Obchodzimy to miejsce innym szlakiem. Trzeba pokonać wiele stopni w górę, a potem również sporo w dół. To niby koniec jeziorka, a szlak prowadzi dalej, do Teplickiego Skalnego Miasta. Odpuszczamy jednak. Powrót na parking prowadzi inną trasą, również pełną atrakcji. Wracamy do kasy gdzie płaci się za rejsy i ruszamy w górę kolejnymi wąskimi schodkami. Tu już nie da się iść szybko, bo wąska i stroma trasa oraz tłumy ludzi skutecznie spowalniają marsz. Tworzą się nawet zatory! No ale otoczenie jest tak piękne i tak niezwykłe, że nie jest zbyt to irytujące. W pewnym momencie ukazują się Kochankowie oraz trzy skalne kolumny - widok jak z obrazka. Dalej ścieżka prowadzi ostro w dół i znów staje się szeroka i wygodna. 

 








 

Trasa powoli kończy się, dochodzimy do parkingu w otoczeniu już nieco mniej efektownych, ale i tak pięknych skał. Wycieczka okazała się chyba najbardziej efektowną w czasie całego wyjazdu, a pogoda dopisała wyjątkowo. Nawet te tłumy jakoś nie irytowały. Spacer był też całkiem długi, bo ok. 7,5 km. 

 

 

Pora jechać. Płacimy 150 koron za parking i ruszamy. Kierujemy się lokalnymi drogami do Trutnova. Są tu serpentyny jak w Alpach! Takiej drogi w Górach Stołowych doprawdy się nie spodziewałem. W samym Trutnovie też lokalna ciekawostka - są tu dwa wiadukty kolejowe krzyżujące się na dwóch wysokościach ponad drogą. Dość rzadko spotykana rzecz. Kieruję się do granicy w Lubawce i wkrótce jesteśmy w Polsce.
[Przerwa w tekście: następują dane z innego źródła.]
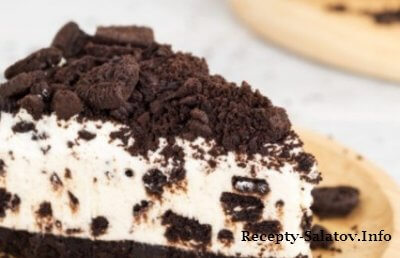 Вкусный десерт орео чизкейк без выпечки рецепт с фото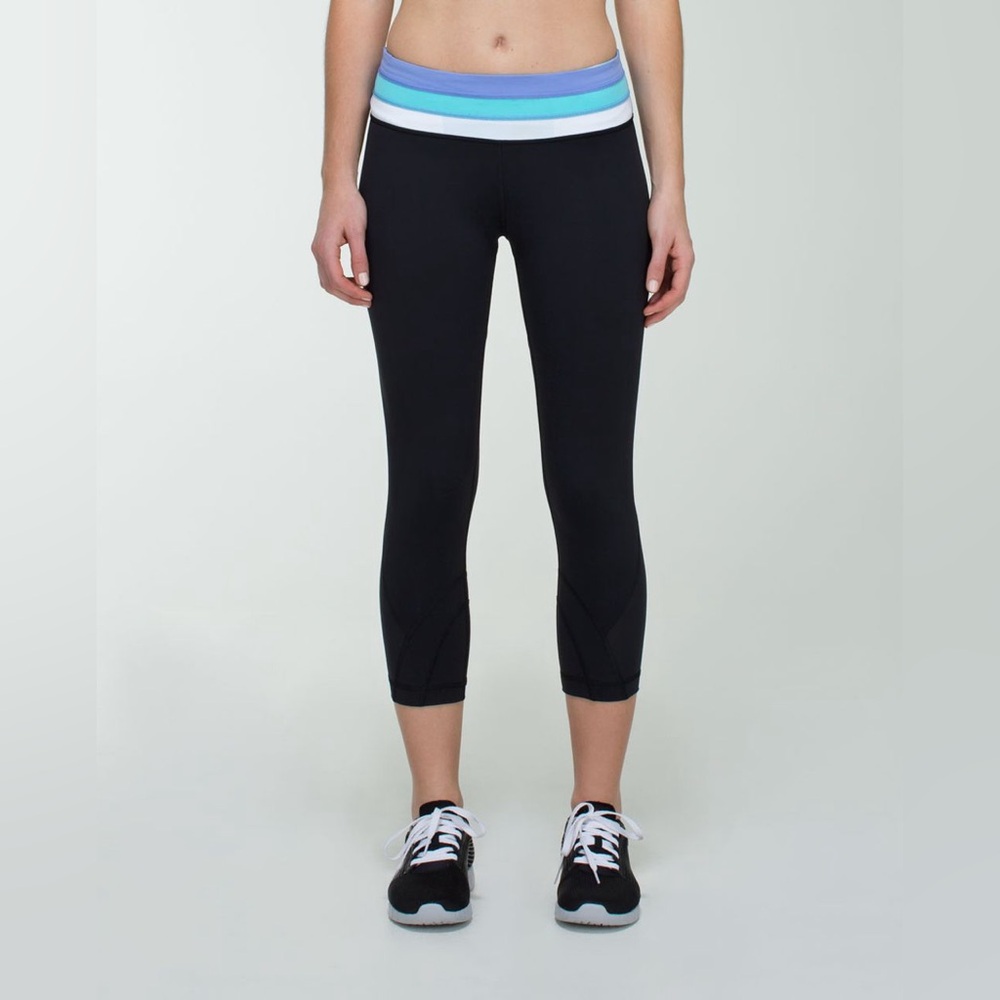 Lululemon Run: Inspire Crop II Leggings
Mijamy Kamienną Górę i Bolków, jedziemy w stronę Wrocławia. Moją uwagę przykuwają widoczne w lusterku Karkonosze. Widać je nawet gdy dojeżdżamy do autostrady A4 w Kostomłotach! Aż żałuję, że się nie zatrzymałem i nie zrobiłem zdjęcia, bo przejrzystość powietrza jest doskonała. 

Dalsza droga to już nudna jazda w stronę Warszawy. Jednak chce zobaczyć jeszcze jedno miejsce. Miejsce mało znane, ale uważam, że każdy podróżnik powinien choć raz tam trafić. W okolicy Wieruszowa zjeżdżam z S8 i kieruję się lokalnymi drogami do wsi Głuszyna. Jeszcze kawałek szutrową drogą i... jesteśmy!

 



 

Nie wiem skąd taka nazwa, ale niewątpliwie fajnie prezentuje się na zdjęciach. No i jest się czym pochwalić przed znajomymi ;) Robimy kilka zdjęć i ruszamy z powrotem do S8 i już bez dalszych przygód docieramy około 21 do Warszawy. 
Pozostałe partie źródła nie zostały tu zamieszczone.